Как ни странно, никогда раньше она у дяди Мартина не бывала. Почему-то, довольно часто приходя в гости к ним, иногда каждый день – правда, случалось так, что и неделями не показывался – вдумчиво играя с отцом в шахматы, ведя с матерью долгие обстоятельные разговоры на кухне, будучи вообще единственным близким родственником, – других, насколько можно было понять, у них не было, – к себе он, тем не менее, не приглашал, и, надо сказать, Вику это не удивляло. Таковы были правила – часть той загадочной атмосферы, которая его окружала. Вика принимала это как данность, и не задавала вопросов. Но когда дядя Мартин буквально через секунду после брякнувшего звонка открыл ей дверь и, довольно сухо, с необычной сдержанностью поздоровавшись, повел по полутемному коридору, у нее возникло чувство, что эту квартиру она знает уже давно: вот здесь – кухня (и они действительно прошли мимо кухни), а вот тут – полукруглая, как во дворце, ниша с фигуркой на постаменте. И тяжелый бархат, спускающийся до пола, она тоже как бы припомнила. Был такой бархат, был, действительно вишневого цвета. Ее только на секунду кольнуло, что вот ведь, оказывается, как люди живут – на одного целых три, а может быть, и четыре громадных комнаты. А они втроем – мать, отец и она, Вика, – тоже в трех комнатах, причем, одна из них – проходная. Как это дяде Мартину удалось сохранить такие апартаменты? Почему не отняли? (Вика несколько раз слышала о подобных случаях). Впрочем, эти мелкие мысли сразу же затерялись среди нахлынувших впечатлений. Квартира была именно такой, какой и должна была быть. Вика не сомневалась, что за одной из плотно прикрытых дверей – роскошная библиотека, сотни томов с обрезами, прижавшиеся бычьими щеками, квинтэссенция обратившихся в тусклую память столетий, а за другой – покрытый пластиком длинный стол, наподобие лабораторного, и изогнутое стекло – шарики, колбочки, трубочки с матовыми расширениями, где, подогреваемое на спиртовке, что-то таинственно булькает и выпаривается. Дневной свет в лабораторию не проникает. Подтверждал это и запах, распространявшийся по всей квартире. Он был не то, чтобы неприятный, но определенно не имеющий отношения к обыденной жизни. Почувствовав его, Вика резко потянула воздух носом. А дядя Мартин замедлил шаги и обернулся.

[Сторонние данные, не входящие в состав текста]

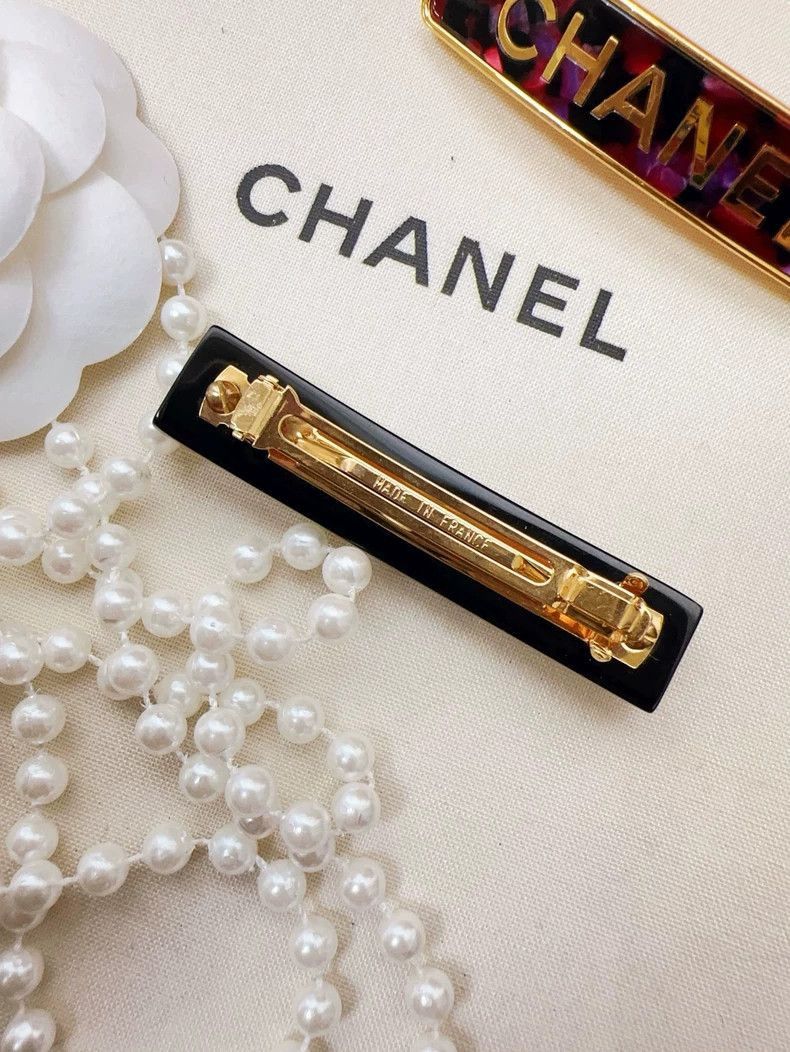Chanel Chanel Green Acrylic Chain Pattern Hair Clip Size ONE SIZE - 5 Thumbnail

– «Глаз ворона», – без обычной иронии пояснил он. – Считается, что «глаз ворона» оберегает ждущего воплощения от потусторонних влияний, чтобы во время метаморфозы, когда человек полностью беззащитен, сквозь меняющуюся оболочку в него не проникли демоны. Учитель Бен Халеви полагает, что «глаз ворона» при воплощении необходим. Впрочем, это пока неважно. Сюда…
И гостиную, где они очутились, Вика тоже как бы узнала: узорчатые парчовые плотные занавески на окнах, полумрак, едва раздвигаемый бронзовым светильником на стене – три удлиненных рожка, повернутых почему-то не к потолку, а к полу, и на огромном восточном ковре – кресла с хрупким столиком между ними. На столике – свечка толщиной в лошадиную ногу, синие, будто вены, прожилки пронизывают желтизну воска. А чуть выше светильника – большой старинный портрет в золоченой раме, и из жухлого фона, будто сквозь торфяной туман, проступает слегка размытое лицо женщины.